De lo primero puedo decir que me parecieron apreciaciones notables que muy bien podemos hacernos hasta que no la contamos, y que eran una muestra cabal de su inteligencia para construir un inventario de posibilidades para configurar esa experiencia inasible que es la muerte, incluso para acostumbrarse a vivir con esa inminencia. Hay una frase que rescaté de su libro Diario de invierno (2010), que no leí, claro, pero vi reproducida en la promoción editorial que decía: «Sin duda eres una persona precaria y dolida, un hombre que lleva una herida en su interior desde el principio mismo (¿por qué, si no, te has pasado toda tu vida adulta vertiendo palabras como sangre en una hoja de papel?)». Y la relacioné con aquella casi sentencia que expresara el filófoso y escritor Oscar del Barco: «Querer que un alud se detenga y vuelva a su punto de origen es una ilusión. Más bien hay que acostumbrarse a vivir y pensar en la caída, como seres de la caída». Y en los textos de Auster que leí hay mucho de esta conciencia, no en sentido fingido, sino realmente como consistencia.

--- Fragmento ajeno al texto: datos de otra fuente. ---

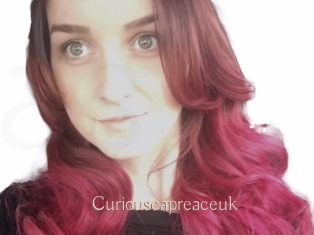 Curiouscapreaceuk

Sobre lo segundo, es decir por qué paré de leerlo, conjeturo que debe haberme abrumado su insistencia en ser necesario, en hacer de la literatura una forma de plegaria, una tabla de salvación, como alguien que buscara salvarse por medio de un libro. Tal vez en esa época –mediados de los 90– yo consideraba que nada de eso fuera posible. Pero ahora que lo pienso, tal vez desconfíe un poco menos de lo que a uno es capaz de aferrarse para seguir, porque aunque nunca estemos seguros de quiénes somos, podemos vislumbrar algo de eso en nuestras acciones. Intenciones que alguna vez Auster expresó de este modo: “Para mí, escribir no es una cuestión de libre albedrío, es un acto de supervivencia”.